Web page caption snippets
== Segment start ==
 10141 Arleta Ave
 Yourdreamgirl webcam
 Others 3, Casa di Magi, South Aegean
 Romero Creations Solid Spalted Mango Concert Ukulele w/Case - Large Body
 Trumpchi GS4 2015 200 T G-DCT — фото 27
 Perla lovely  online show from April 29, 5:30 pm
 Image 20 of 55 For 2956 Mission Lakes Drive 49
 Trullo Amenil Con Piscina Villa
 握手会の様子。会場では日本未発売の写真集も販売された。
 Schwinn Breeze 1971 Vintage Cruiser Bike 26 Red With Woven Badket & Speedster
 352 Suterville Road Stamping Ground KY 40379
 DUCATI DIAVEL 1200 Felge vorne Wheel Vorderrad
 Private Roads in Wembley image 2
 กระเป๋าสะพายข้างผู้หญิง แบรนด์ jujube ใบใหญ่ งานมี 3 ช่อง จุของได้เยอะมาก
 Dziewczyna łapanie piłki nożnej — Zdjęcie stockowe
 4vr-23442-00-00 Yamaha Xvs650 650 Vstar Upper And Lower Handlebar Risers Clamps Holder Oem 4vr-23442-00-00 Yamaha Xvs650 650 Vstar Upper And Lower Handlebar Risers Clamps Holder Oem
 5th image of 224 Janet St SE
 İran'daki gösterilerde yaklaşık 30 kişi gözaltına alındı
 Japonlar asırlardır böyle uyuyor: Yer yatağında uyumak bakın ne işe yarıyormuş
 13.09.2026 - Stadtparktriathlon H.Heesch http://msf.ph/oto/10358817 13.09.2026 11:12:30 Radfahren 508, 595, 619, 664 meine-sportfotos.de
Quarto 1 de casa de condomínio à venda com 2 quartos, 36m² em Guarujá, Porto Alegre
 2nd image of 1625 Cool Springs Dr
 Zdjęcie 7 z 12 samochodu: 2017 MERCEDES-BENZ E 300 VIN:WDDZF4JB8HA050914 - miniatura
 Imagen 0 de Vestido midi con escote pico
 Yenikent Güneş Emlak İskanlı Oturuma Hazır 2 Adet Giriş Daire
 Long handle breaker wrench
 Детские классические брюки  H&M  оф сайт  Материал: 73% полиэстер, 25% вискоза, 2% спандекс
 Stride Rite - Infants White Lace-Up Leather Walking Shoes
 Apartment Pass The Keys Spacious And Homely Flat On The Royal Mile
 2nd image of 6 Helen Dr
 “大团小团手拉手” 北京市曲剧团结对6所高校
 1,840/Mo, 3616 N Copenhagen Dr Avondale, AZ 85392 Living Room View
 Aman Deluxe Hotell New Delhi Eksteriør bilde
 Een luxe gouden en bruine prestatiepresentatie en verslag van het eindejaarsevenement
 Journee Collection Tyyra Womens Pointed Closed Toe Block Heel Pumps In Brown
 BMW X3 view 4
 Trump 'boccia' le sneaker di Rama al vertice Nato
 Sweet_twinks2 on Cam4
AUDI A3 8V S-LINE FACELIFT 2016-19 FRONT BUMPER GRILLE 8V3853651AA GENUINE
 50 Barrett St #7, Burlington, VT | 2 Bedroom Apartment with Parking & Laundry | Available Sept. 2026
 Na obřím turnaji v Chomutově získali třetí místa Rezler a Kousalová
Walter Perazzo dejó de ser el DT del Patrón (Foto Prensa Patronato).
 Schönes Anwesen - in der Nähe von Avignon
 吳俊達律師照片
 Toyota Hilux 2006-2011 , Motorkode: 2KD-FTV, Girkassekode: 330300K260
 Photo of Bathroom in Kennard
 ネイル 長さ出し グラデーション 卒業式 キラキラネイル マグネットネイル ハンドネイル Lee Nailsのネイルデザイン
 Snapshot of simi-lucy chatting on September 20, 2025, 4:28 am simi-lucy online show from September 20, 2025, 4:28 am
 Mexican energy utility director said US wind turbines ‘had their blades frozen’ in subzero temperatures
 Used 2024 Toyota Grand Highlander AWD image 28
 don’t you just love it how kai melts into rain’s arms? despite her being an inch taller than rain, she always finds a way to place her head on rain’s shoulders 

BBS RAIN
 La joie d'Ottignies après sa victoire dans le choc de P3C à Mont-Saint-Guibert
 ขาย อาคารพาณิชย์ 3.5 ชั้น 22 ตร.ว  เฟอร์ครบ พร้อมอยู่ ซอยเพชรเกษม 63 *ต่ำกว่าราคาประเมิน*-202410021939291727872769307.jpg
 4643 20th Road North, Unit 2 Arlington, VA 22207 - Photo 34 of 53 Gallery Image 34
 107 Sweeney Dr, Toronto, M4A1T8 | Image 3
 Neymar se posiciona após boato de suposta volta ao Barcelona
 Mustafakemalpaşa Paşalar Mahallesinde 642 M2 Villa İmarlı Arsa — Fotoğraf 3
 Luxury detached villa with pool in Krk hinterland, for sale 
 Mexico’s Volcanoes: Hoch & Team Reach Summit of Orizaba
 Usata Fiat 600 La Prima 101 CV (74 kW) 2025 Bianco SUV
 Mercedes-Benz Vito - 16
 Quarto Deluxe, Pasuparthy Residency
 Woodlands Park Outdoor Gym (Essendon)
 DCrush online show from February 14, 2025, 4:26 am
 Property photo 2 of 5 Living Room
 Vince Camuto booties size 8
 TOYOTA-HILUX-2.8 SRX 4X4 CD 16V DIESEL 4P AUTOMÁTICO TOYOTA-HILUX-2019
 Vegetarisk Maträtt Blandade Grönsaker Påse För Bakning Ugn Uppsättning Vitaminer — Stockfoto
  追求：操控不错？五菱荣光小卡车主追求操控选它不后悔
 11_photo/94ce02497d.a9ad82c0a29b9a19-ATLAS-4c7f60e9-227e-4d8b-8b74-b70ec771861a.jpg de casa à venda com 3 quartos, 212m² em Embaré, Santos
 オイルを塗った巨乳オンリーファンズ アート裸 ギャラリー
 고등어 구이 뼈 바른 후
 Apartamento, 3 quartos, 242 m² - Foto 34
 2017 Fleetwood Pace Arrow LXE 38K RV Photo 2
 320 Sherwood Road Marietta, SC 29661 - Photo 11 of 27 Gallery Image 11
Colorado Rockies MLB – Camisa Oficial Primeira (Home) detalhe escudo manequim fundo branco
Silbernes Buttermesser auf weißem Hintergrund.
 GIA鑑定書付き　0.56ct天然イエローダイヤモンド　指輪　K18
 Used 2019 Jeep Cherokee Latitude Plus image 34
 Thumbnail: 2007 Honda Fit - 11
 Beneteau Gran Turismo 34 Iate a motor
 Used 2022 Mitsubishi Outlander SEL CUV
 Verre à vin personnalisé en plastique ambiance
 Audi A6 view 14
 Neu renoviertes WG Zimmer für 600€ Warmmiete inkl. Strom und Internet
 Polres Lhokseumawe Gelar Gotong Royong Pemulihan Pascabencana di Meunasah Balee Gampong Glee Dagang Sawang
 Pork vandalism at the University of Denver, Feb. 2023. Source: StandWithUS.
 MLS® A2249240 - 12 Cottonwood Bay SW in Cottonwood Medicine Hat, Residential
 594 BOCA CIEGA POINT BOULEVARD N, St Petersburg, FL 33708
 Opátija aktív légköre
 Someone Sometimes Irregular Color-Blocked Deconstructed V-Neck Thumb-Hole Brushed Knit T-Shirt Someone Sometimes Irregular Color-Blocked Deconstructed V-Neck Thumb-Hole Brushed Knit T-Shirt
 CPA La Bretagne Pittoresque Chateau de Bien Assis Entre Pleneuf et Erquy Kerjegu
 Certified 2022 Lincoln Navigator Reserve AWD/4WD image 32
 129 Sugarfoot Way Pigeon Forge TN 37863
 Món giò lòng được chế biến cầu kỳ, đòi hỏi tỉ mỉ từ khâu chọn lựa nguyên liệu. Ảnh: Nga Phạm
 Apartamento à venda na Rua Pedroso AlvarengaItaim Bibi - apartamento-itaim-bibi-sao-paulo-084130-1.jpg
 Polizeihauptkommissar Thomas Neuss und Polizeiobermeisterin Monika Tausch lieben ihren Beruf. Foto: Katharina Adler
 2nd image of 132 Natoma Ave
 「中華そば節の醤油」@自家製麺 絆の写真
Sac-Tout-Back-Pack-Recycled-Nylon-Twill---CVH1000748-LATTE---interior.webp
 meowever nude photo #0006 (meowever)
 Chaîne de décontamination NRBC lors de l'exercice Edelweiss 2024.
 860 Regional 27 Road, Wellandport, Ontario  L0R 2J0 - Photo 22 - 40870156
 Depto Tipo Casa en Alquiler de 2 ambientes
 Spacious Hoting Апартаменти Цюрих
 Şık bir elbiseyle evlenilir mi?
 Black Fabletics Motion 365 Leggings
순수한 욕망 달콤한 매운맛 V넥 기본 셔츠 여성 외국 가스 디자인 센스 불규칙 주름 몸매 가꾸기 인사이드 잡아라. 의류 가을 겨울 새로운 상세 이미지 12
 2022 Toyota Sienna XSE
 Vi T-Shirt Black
== Segment end ==
TASK ITEM →
Give back the records above exactly, limited to the lines between the one holding "Apartamento, 3 quartos, 242 m² - Foto 34" and the one holding "Thumbnail: 2007 Honda Fit - 11", inclusive.

TASK RESPONSE →
 Apartamento, 3 quartos, 242 m² - Foto 34
 2017 Fleetwood Pace Arrow LXE 38K RV Photo 2
 320 Sherwood Road Marietta, SC 29661 - Photo 11 of 27 Gallery Image 11
Colorado Rockies MLB – Camisa Oficial Primeira (Home) detalhe escudo manequim fundo branco
Silbernes Buttermesser auf weißem Hintergrund.
 GIA鑑定書付き　0.56ct天然イエローダイヤモンド　指輪　K18
 Used 2019 Jeep Cherokee Latitude Plus image 34
 Thumbnail: 2007 Honda Fit - 11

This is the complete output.